Water: H2O=Life, the exhibition currently featured at the San Diego Natural History Museum, was organized by the American Museum of Natural History and the Science Museum of Minnesota, but it seems particularly apt for viewing here. San Diego County’s nearly 3 million residents consume about half a billion gallons of water a day, but the vast majority of that (80-90%) doesn’t exist naturally here. Some of it comes from Northern California and some from the Colorado River, the latter traveling more than 1000 miles to get to Southern California, where it’s then transported along a 242-mile-long aqueduct before reaching local taps.
A few encouraging new (for San Diego) sources are on the horizon; the nation’s largest drinking-water desalination plant recently was approved for construction in Carlsbad.
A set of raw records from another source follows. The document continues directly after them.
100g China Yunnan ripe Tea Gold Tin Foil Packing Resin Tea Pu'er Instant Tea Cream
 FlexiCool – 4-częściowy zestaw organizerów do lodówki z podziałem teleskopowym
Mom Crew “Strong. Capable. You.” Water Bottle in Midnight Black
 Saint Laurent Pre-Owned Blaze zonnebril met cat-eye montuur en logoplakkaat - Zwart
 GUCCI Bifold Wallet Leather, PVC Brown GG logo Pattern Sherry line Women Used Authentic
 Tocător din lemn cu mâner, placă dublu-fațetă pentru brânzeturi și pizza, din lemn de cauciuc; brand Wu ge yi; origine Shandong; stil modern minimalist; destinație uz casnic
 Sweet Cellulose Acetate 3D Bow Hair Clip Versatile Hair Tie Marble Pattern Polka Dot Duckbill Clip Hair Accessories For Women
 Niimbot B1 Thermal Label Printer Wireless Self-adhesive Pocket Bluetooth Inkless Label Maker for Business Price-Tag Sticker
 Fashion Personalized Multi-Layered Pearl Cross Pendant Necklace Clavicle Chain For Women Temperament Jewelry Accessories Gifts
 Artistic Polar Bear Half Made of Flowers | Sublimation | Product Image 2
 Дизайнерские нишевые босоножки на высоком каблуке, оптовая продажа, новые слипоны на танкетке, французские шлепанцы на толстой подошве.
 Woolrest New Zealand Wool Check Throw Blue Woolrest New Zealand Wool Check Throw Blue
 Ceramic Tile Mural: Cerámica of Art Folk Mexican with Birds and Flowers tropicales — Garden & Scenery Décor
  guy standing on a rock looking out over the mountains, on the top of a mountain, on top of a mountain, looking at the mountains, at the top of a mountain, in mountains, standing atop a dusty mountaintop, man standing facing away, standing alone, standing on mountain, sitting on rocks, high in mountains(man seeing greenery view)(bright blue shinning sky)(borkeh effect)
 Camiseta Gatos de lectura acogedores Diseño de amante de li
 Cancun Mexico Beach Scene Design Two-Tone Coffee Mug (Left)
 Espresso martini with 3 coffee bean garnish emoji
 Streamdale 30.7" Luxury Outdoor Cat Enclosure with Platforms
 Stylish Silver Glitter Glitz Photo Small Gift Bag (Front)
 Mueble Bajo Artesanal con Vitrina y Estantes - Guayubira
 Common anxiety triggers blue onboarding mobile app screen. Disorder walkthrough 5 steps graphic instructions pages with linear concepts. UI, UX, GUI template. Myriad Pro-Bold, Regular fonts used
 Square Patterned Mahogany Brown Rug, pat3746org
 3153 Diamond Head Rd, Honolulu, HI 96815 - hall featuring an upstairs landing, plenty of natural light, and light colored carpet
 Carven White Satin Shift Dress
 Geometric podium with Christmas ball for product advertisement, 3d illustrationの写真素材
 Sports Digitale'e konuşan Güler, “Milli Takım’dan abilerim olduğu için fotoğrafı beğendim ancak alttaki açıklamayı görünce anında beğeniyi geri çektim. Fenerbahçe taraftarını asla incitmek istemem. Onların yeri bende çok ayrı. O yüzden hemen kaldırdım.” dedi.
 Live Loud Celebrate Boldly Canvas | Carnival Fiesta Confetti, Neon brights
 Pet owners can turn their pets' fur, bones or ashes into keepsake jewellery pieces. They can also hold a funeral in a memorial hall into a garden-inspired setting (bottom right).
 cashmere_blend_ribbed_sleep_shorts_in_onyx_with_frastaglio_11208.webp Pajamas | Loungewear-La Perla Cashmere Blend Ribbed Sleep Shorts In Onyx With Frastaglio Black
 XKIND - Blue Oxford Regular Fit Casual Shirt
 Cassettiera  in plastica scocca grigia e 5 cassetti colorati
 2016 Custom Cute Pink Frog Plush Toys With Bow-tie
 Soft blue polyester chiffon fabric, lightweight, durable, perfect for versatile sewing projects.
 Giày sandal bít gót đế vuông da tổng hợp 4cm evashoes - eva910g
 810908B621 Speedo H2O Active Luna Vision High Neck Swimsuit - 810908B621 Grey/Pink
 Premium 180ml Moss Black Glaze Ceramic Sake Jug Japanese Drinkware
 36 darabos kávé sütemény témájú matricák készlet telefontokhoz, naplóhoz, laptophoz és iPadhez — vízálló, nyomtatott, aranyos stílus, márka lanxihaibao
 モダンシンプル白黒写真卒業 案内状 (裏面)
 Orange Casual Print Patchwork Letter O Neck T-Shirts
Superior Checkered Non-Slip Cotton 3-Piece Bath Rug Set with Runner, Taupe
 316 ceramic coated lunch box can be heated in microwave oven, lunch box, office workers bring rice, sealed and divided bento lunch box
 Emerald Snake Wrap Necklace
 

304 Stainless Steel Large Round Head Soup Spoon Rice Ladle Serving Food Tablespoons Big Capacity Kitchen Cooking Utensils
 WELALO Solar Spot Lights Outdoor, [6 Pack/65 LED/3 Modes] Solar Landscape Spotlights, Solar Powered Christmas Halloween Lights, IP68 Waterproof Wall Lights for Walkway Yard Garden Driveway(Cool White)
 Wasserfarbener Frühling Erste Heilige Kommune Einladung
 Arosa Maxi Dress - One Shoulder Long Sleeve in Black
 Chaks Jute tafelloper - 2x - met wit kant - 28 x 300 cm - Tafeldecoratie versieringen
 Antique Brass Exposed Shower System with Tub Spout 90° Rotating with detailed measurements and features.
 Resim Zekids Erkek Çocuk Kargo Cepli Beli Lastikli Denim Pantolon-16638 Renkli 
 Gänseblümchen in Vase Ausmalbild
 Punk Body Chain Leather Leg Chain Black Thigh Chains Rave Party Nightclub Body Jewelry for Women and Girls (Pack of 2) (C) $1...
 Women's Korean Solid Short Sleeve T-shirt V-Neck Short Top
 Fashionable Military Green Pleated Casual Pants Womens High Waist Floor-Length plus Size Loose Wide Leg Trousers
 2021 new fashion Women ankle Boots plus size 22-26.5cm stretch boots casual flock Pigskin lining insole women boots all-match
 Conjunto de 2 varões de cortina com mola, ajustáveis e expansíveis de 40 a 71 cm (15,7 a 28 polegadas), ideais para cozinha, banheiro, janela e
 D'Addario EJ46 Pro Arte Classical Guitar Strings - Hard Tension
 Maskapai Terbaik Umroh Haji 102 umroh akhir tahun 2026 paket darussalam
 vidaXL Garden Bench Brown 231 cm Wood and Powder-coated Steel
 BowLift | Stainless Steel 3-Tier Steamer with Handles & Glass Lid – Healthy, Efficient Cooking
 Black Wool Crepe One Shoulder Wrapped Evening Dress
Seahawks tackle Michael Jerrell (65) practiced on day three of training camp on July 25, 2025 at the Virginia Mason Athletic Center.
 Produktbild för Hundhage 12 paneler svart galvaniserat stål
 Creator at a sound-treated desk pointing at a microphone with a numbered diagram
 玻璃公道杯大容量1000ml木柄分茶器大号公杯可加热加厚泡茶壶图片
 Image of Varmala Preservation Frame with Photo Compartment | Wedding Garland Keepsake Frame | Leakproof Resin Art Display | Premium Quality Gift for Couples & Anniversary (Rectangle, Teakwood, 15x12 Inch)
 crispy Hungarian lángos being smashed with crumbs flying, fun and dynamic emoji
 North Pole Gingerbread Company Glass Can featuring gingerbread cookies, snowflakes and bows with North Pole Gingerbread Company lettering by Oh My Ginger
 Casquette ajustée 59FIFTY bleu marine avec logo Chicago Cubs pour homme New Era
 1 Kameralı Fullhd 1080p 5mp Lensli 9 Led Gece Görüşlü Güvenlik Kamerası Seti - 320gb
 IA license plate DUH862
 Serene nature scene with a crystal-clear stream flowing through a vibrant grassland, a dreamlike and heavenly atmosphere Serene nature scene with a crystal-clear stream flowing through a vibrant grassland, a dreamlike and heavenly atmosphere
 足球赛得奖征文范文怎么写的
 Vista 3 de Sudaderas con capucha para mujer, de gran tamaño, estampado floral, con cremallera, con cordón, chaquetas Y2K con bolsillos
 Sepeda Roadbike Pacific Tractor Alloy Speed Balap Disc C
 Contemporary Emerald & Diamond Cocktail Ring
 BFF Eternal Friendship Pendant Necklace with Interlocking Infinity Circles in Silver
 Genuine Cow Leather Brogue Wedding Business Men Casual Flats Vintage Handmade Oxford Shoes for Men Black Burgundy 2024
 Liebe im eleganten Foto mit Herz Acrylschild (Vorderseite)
Work on it is scheduled to start in 2009, with completion scheduled for 2011, and if all goes as planned, it will produce 50 million gallons a day, enough for 112,000 households. But given the historically dry weather we’ve been having, water rationing is still looming.
As the Natural History Museum exhibit makes abundantly clear, however, the problem of having enough fresh water extends well beyond San Diego. Earth may be the water
planet, but only 3 percent of the stuff that covers the planet’s surface is fresh — the type needed to sustain most life. Furthermore, only a small fraction of that 3 percent is usable.
The exhibit does a masterful and entertaining job of saluting and explaining the many incarnations, impacts, and aspects of water. You can easily spend a good two hours absorbing it all (and that doesn’t include viewing the two complementary films screening in the museum’s giant-screen theater.)
Although the traveling exhibit will move on at the end of November, Water: A California Story will remain on exhibit at the Museum for at least two years. The special exhibition uses natural history specimens, live animals, photos, and interactive exhibits to explore the water issues facing southern California and Baja California.